# più precisamente da La Spezia



## ub.mar

Hi everyone,

I would like to translate this sentence but *I*'m not sure about how to order the words in *E*nglish

"Il vento viene dal mare, più precisamente da La Spezia"

What about "The wind comes from the sea, (more) precisely from La Spezia"

Can you help me?

Thank you very much.

Marco



> *Devi inserire  la FRASE nel titolo del thread, non una parola*
> Come devo scegliere i *titoli delle discussioni*?


----------



## metazoan

"... more precisely from La Spezia" is good.


----------



## rrose17

I wonder if this would sound just a little more natural to add "or" or "or to be" as in "...or to be more precise, from La Spezia."?


----------



## ub.mar

Hi Rrose and Metazoan,

thanks for the help.

I think to add "or" to make the sentence sounds more natural.

Thanks again.

Marco


----------



## Mary49

Sorry, but I don't agree about the use of "or".  It presents an alternative or choice, but this is not the case.
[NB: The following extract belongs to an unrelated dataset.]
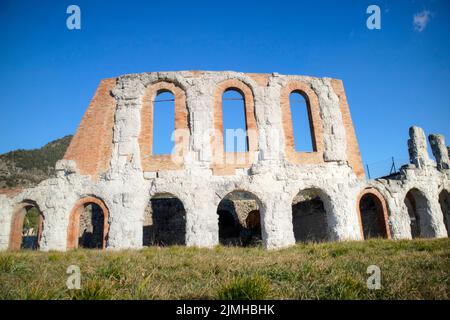 I resti dell'anfiteatro romano di Gubbio Foto Stock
My opinion.


----------



## and8

È vero che La Spezia è sul mare, ma è anche una città!
(Come fatto notare in un precedente post poi eliminato da un moderatore perché ritenuto non contributivo).
Sintatticamente comunque vanno bene entrambe le proposte di traduzione.


----------



## sound shift

"The wind comes (is coming? [depending on the context]) off the sea, at La Spezia to be precise"?


----------



## rrose17

Mary49 said:


> Sorry, but I don't agree about the use of "or".  It presents an alternative or choice, but this is not the case. My opinion.


Ciao, Mary. The "or" I was suggesting in the end might be a stylistic choice but the alternative that it implies is a further precision not a choice of A or B. Another example could be
_I love Indian food, or to be more precise, Indian vegetarian food. _
There's no choice, just a narrowing down. You could leave out the "or" and the meaning wouldn't change.


----------



## Odysseus54

Mary49 said:


> Sorry, but I don't agree about the use of "or".  It presents an alternative or choice, but this is not the case. My opinion.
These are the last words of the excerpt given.